Etobicoke is weird. It's topology and natural barriers (including rail+highway+hydro corridors) indicate that travel should go east-west, yet the bus routes and commuting direction follow north-south.

I wonder if that commuting pattern would completely change with the Eglinton Crosstown and Finch West LRT, bringing true east-west travel corridors through central and northern Etobicoke.
 
Etobicoke is weird. It's topology and natural barriers (including rail+highway+hydro corridors) indicate that travel should go east-west, yet the bus routes and commuting direction follow north-south.

I wonder if that commuting pattern would completely change with the Eglinton Crosstown and Finch West LRT, bringing true east-west travel corridors through central and northern Etobicoke.

South of Eglinton the subway has so much attraction that it draws E-W travelers South to it. While North of Eglinton any natural E-W corridor (Sheppard, Wilson) is non contiguous until you get up to the Steeles/Finch area. So you have this swath of land 8 km wide where one would expect travel to be E-W that is forced into a N-S pattern.
 
I'd like to revive the original Etobicoke (L)RT plan which used the hydro corridor, but instead of sending it to the Airport, I'd send it up 27 instead, since Eglinton makes that connection redundant. Thinking out loud here, but maybe it would be useful to have a junction with select trips along Eglinton turning north or south here.

I'd keep the stretch along the hydro corridor at grade with prioritized crossings and stations at Bloor, Burnhamthorpe, Rathburn, Princess Margaret, Eglinton and Longbourne before flying it over the 401.

However a Highway 427 aligned RT would be faster and could serve all the way south to the lake. It might also be easier bureaucratically given Hydro One's track record regarding developments on their corridors. There would still be a branch along Dundas connecting to either a Highway 427 station or, preferably, given all the redevelopment between East Mall and Six Points, all the way to Kipling where that platform could be put to some use.
 
I'd like to revive the original Etobicoke (L)RT plan which used the hydro corridor, but instead of sending it to the Airport, I'd send it up 27 instead, since Eglinton makes that connection redundant. Thinking out loud here, but maybe it would be useful to have a junction with select trips along Eglinton turning north or south here.
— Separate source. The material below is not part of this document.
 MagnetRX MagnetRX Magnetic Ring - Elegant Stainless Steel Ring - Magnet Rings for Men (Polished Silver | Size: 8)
I'd keep the stretch along the hydro corridor at grade with prioritized crossings and stations at Bloor, Burnhamthorpe, Rathburn, Princess Margaret, Eglinton and Longbourne before flying it over the 401.
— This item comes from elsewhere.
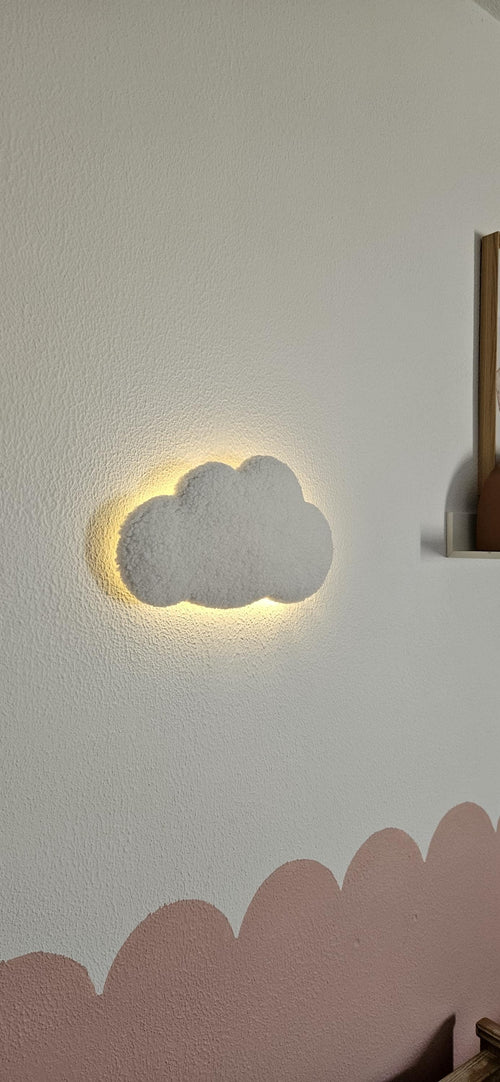 Battery Operated medium Cloud Wall Lamp - Nursery Night Light - Baby Room Decor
However a Highway 427 aligned RT would be faster and could serve all the way south to the lake. It might also be easier bureaucratically given Hydro One's track record regarding developments on their corridors. There would still be a branch along Dundas connecting to either a Highway 427 station or, preferably, given all the redevelopment between East Mall and Six Points, all the way to Kipling where that platform could be put to some use.
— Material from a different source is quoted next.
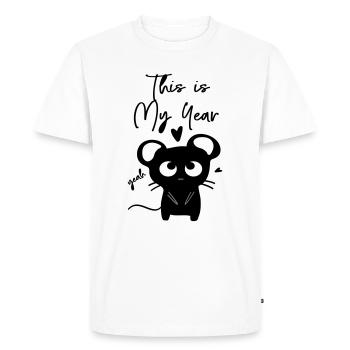 Rat c'est mon année - T-shirt Premium bio Homme - blanc - Devant - Nico (187cm)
A hybrid Highway 27-Kipling North BRT could make a lot of sense in the context of a subway extension to Sherway Gardens. Stops could be at:

Long Branch
Brown's Line/Horner
Brown's Line/Evans
Sherway Gardens Stn
Cloverdale Stn
Etobicoke Civic Centre
Renforth Gateway
Woodbine Centre
Humber College
27/Finch
Martin Grove/Finch
Albion/Finch
Albion Centre
Kipling/Panorama Ct
Kipling/Annabelle
Kipling/Beaconhill
Kipling/ Kidron Valley
Kipling/Steeles
 
Was the Etobicoke RT anything but arbitrary lines on a map drawn for political purposes?

You've just described the origin of almost every transit line in Toronto.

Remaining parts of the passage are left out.